Jal founded Gua Africa, an organisation that promotes education in Sudan, Kenya and elsewhere in Sub-Saharan Africa. A documentary has been made about his life and his return to Sudan to reunite with his remaining family. More recently, on his website, he is encouraging people to call for peace in the upcoming southern Sudan referendum. Emmanuel Jal continues to demonstrate "the power of music".
I first heard Vusi Mahlasela’s music after returning home from a trip to Johannesburg. I’d picked up one of his CDs at the airport before my flight out, not knowing exactly what to expect. I figured I’d chosen well when during my stopover in Nairobi, one of my trusted Kenyan colleagues expressed his approval for my choice. But it was when I got the CD home that I realised how lucky I was. Mahlasela’s voice and guitar blew me away.

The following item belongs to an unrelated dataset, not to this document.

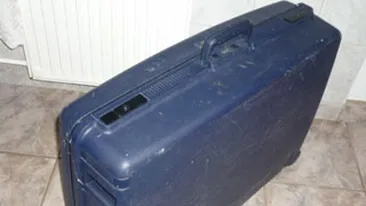 Mama de cosmar! O femeie din Olanda si-a ucis ucis patru copii nou-nascuti si i-a ascuns in podul casei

Mahlasela grew up during apartheid in South Africa. He became active as a boy and then a young man in the anti-apartheid movement. He also began singing and playing guitar as a boy and his songs and poetry took on political and social themes.

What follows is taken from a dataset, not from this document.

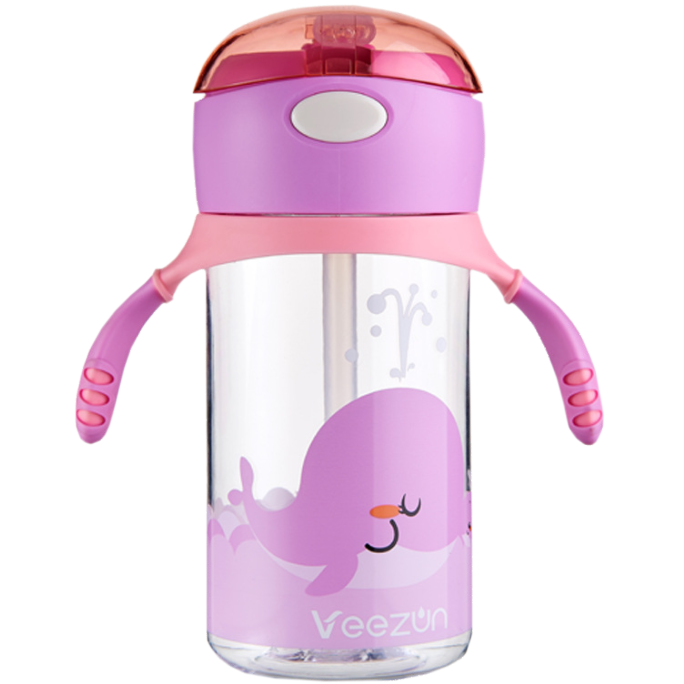 Kids Water Bottle ZF-E032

Mahlasela’s website describes him as a "singer-songwriter and poet-activist." His songs are moving, joyful and full of hope. Mahlasela speaks out about racism and intolerance, and works for change. He created the Vusi Mahlasela Music Development Foundation to promote African music. He is also an official ambassador to Nelson Mandela’s HIV/AIDS awareness and prevention campaign called 46664 (Mandela’s prison number during his 27 years on Robben Island).
Vusi Mahlasela continues to tour internationally, and is releasing a new album called Say Africa in early 2011.